Brief descriptive captions
::::
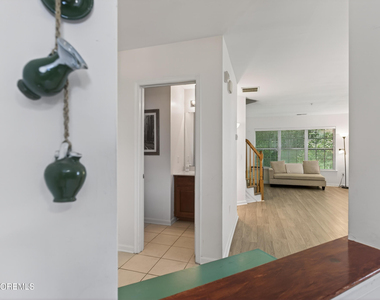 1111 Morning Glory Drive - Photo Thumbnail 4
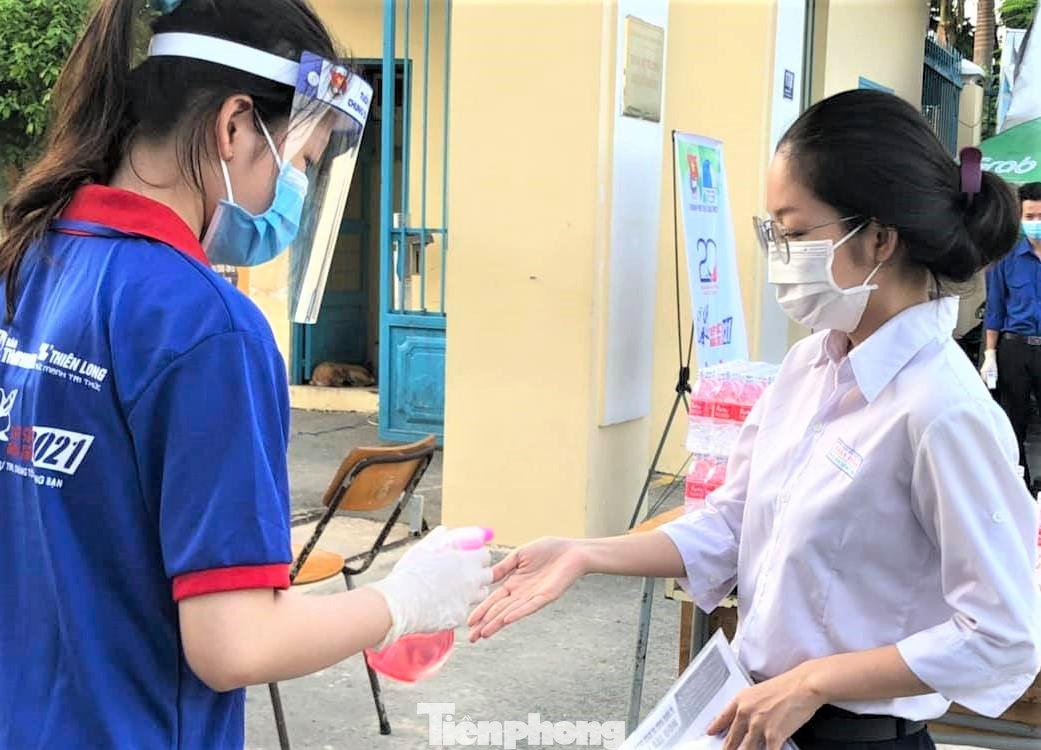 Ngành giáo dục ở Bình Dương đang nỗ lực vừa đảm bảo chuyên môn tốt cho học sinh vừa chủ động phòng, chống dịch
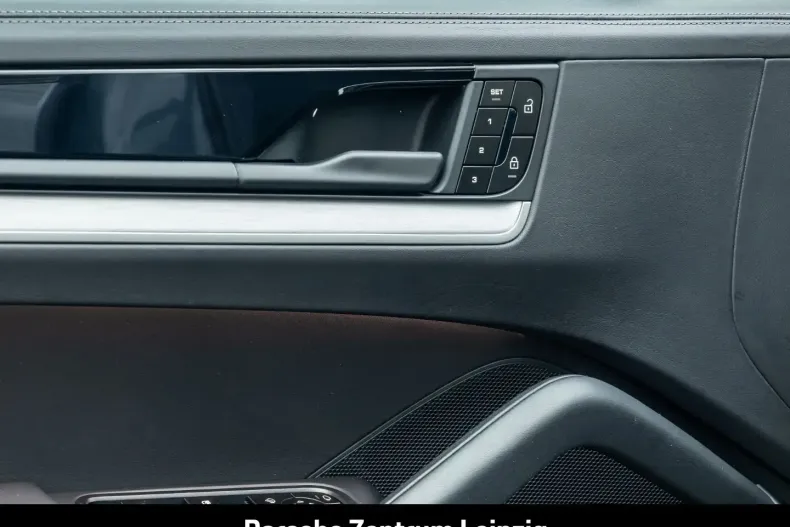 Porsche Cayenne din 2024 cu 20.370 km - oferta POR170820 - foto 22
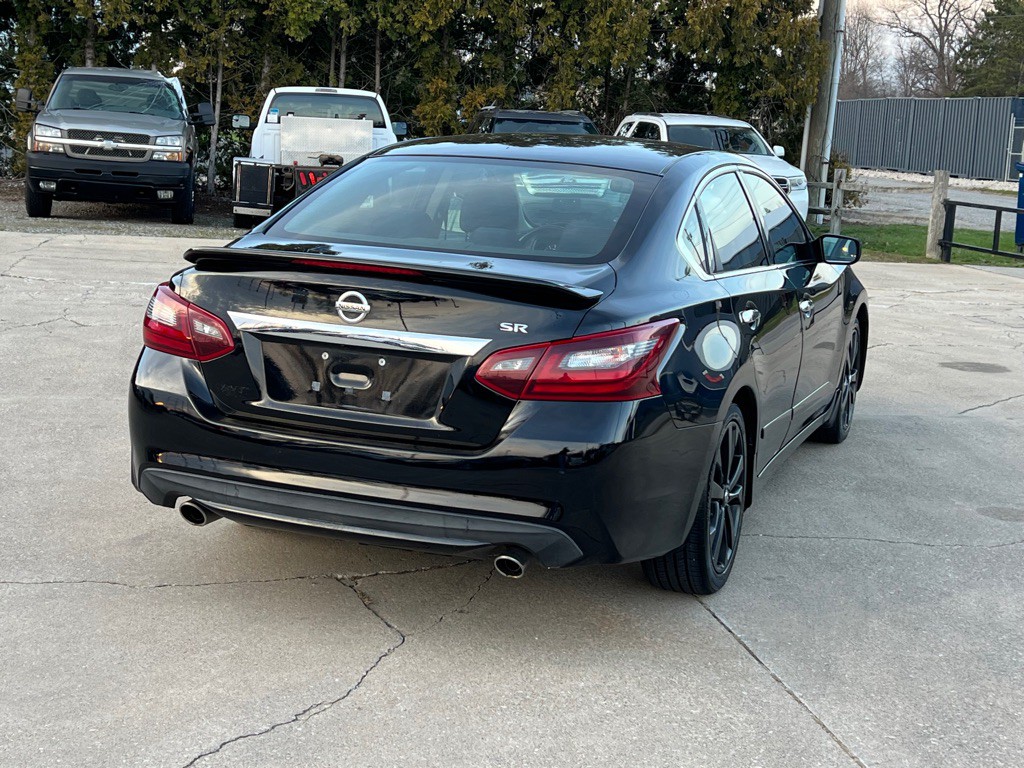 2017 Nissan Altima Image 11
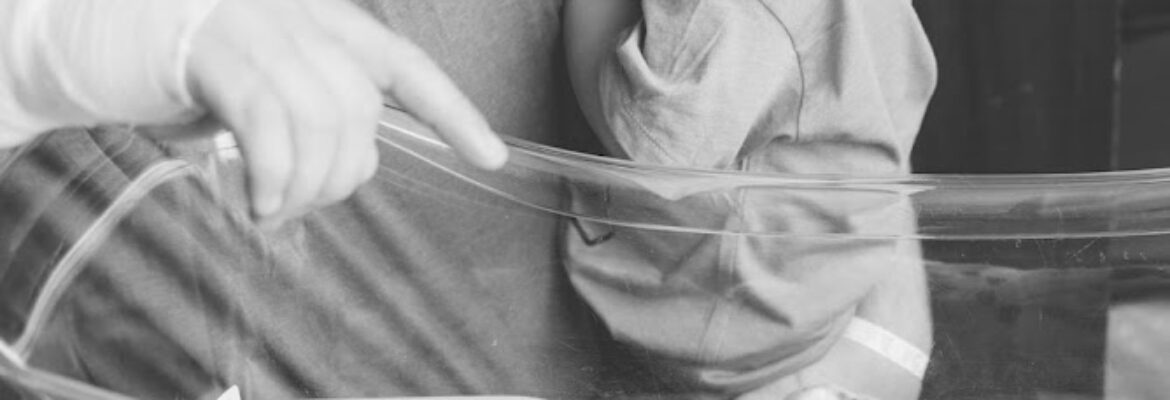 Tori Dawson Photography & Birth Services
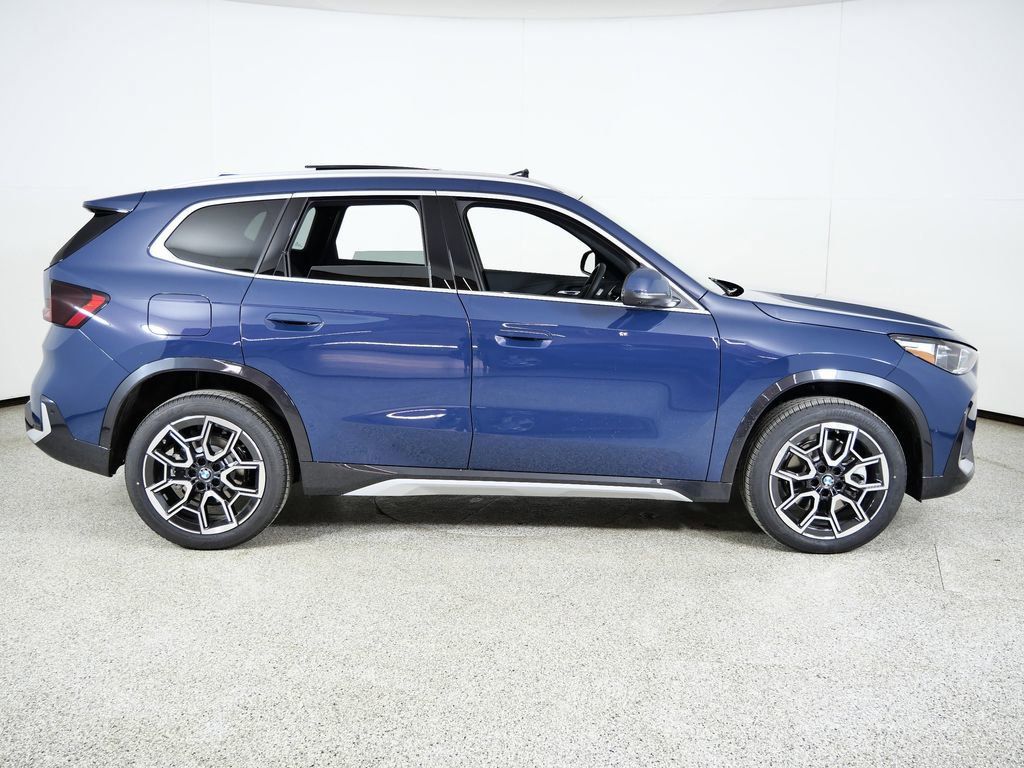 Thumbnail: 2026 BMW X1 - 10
::::
_About this task_.
With the pictures omitted, print precisely the lines from the one with "Porsche Cayenne din" to the final line of the records, both included.

_Problem solution_.
 Porsche Cayenne din 2024 cu 20.370 km - oferta POR170820 - foto 22
 2017 Nissan Altima Image 11
 Tori Dawson Photography & Birth Services
 Thumbnail: 2026 BMW X1 - 10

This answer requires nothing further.